In An Apostle of the Tules Bret Harte has described a camp-meeting of Calvinistic families whose gloom was heightened by malaria contracted from the Stockton marshes. “One might have smiled at the idea of the vendetta-following Ferguses praying for ‘justification by faith’; but the actual spectacle of old Simon Fergus, whose shotgun was still in his wagon, offering up that appeal with streaming eyes and agonized features, was painful beyond a doubt.”
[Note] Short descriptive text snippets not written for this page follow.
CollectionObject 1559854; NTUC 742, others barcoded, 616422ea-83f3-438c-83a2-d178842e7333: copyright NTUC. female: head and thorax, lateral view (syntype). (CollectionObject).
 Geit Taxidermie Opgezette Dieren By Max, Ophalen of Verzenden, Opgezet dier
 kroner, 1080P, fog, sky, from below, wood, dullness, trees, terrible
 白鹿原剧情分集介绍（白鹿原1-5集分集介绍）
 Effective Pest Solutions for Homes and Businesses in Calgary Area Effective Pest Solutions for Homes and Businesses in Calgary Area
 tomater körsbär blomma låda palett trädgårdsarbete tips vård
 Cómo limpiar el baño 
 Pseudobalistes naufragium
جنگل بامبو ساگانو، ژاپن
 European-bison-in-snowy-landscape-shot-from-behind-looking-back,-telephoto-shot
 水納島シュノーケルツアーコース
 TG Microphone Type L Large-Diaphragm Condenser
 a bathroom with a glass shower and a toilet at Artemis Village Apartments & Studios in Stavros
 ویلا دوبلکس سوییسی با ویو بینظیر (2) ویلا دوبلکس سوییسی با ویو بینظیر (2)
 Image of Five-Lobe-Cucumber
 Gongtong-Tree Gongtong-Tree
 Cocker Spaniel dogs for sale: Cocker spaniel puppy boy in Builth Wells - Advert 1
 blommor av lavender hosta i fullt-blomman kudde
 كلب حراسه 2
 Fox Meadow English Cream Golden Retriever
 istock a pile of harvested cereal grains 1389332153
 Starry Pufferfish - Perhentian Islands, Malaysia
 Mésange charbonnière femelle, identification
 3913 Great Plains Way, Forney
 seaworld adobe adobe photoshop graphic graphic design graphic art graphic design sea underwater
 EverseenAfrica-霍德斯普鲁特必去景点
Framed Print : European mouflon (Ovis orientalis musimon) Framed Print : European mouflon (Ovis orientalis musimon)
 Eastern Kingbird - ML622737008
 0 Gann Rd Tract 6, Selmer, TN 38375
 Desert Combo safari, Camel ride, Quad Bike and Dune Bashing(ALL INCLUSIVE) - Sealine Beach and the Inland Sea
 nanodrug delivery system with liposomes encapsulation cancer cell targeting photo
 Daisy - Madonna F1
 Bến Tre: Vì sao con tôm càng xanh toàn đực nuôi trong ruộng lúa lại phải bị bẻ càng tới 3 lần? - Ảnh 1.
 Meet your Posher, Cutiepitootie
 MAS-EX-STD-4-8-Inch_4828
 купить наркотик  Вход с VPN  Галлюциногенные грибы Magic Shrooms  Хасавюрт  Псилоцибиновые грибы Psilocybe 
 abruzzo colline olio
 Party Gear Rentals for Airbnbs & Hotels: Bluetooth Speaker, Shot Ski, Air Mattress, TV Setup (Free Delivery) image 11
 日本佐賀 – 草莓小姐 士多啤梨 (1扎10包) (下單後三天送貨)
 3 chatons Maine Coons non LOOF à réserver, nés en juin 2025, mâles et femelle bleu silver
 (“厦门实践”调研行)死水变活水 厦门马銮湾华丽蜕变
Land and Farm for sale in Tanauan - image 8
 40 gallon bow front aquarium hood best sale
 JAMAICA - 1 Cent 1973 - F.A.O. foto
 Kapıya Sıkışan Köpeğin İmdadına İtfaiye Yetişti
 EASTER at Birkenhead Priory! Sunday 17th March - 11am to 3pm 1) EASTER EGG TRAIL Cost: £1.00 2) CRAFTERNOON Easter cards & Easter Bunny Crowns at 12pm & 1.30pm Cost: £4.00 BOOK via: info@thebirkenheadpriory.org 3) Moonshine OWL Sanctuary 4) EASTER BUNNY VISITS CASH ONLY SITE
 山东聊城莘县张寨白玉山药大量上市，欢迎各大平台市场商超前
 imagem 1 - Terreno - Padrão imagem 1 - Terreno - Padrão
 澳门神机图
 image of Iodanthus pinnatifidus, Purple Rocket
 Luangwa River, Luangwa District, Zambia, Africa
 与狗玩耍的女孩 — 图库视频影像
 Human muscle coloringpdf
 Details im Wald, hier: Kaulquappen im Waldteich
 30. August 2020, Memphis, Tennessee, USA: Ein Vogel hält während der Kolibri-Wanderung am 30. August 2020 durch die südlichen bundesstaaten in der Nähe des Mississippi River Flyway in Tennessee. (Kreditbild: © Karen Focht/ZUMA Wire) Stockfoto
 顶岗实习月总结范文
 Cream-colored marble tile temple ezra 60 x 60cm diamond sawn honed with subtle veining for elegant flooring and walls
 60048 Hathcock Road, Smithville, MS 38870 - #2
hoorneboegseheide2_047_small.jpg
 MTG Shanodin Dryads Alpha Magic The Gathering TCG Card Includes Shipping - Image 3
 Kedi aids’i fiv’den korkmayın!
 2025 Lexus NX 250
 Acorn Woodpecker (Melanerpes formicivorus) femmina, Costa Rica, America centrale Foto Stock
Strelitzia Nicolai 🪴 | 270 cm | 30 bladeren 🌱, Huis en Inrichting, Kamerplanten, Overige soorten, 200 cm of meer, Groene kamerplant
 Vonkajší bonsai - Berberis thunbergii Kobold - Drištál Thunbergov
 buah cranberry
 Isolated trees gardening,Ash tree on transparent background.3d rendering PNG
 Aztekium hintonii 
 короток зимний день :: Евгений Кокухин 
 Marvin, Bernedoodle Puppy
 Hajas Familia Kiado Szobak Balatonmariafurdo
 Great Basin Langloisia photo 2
As for Bret Harte’s own religious views, it can scarcely be said that he had any. He was indeed brought up with some strictness as an Episcopalian, his mother being of that faith; and when he returned from her funeral with his sisters, he seemed deeply moved by the beauty of the Episcopal burial service, and expressed the hope that it would be read at his own grave. His friends in this country remember that he declined to take part in certain amusements on Sunday, remarking that, though he saw no harm in them, he could not shake off the more strict notions of Sunday observance in which he had been trained as a child. Through life he had a horror of gambling, and always refused even to play cards for money. In San Francisco he used to attend the church where his friend Starr King preached, and in New York he was often present at another Unitarian church, that of the Reverend O. B. Frothingham; but this seems to have been the extent of his church-going, and of his connection, external or internal, with any form of Christianity.